**WHAT YOU NEED TO DO**
The data should be written out in full, exactly as it stands, and the pictures dropped.

**GIVEN DATA**
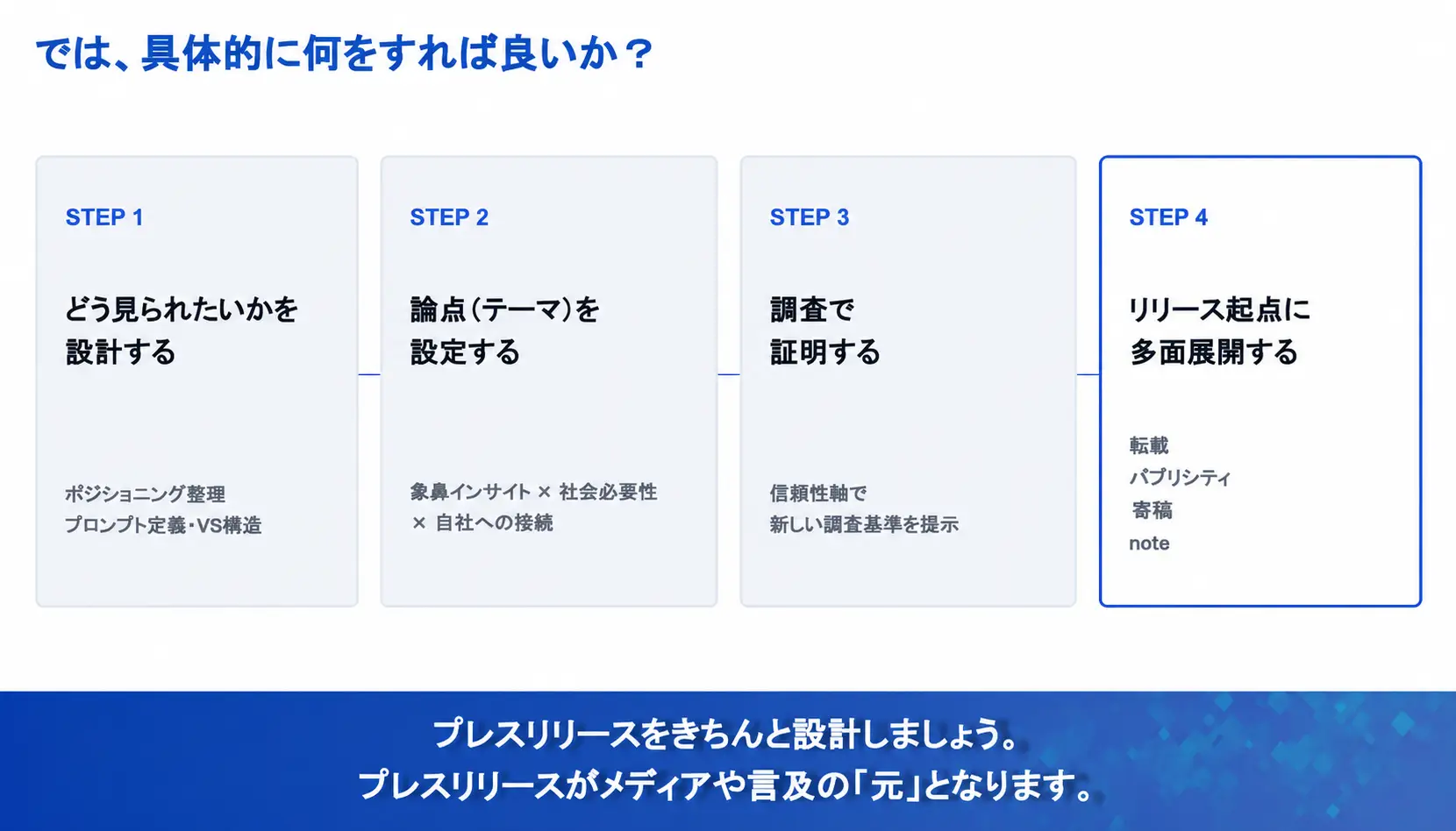 では、具体的に何をすればよいか？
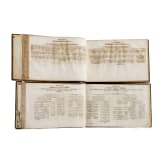 Hübner, Johann: "Genealogical Tables" (transl.), volumes 3 + 4, 1728/1733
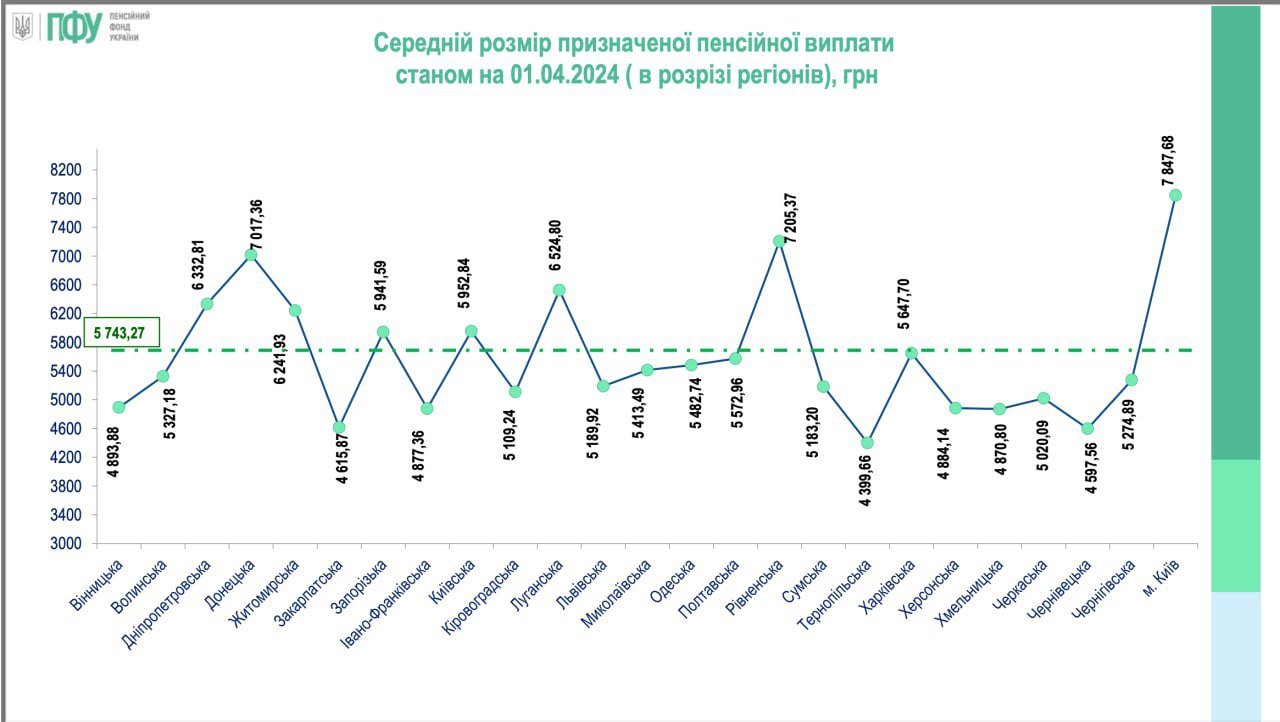 Понад 50% українців пенсійного віку отримують пенсію меншу за пять тисяч гривень — Пенсійний фонд України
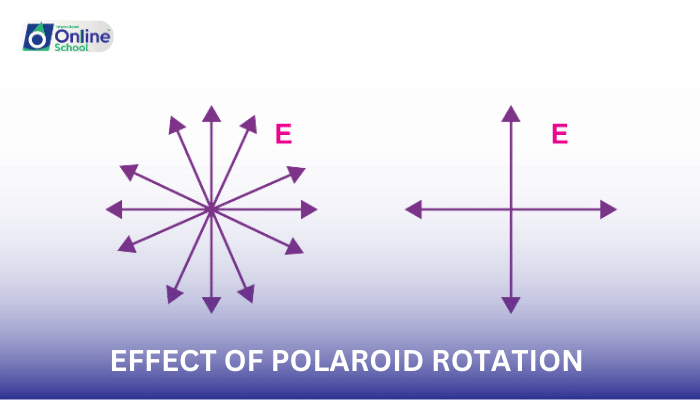 Lesson 15: Effect of Polaroid Rotation on Polarization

**SOLUTION BELOW**
 では、具体的に何をすればよいか？
 Hübner, Johann: "Genealogical Tables" (transl.), volumes 3 + 4, 1728/1733
 Понад 50% українців пенсійного віку отримують пенсію меншу за пять тисяч гривень — Пенсійний фонд України
 Lesson 15: Effect of Polaroid Rotation on Polarization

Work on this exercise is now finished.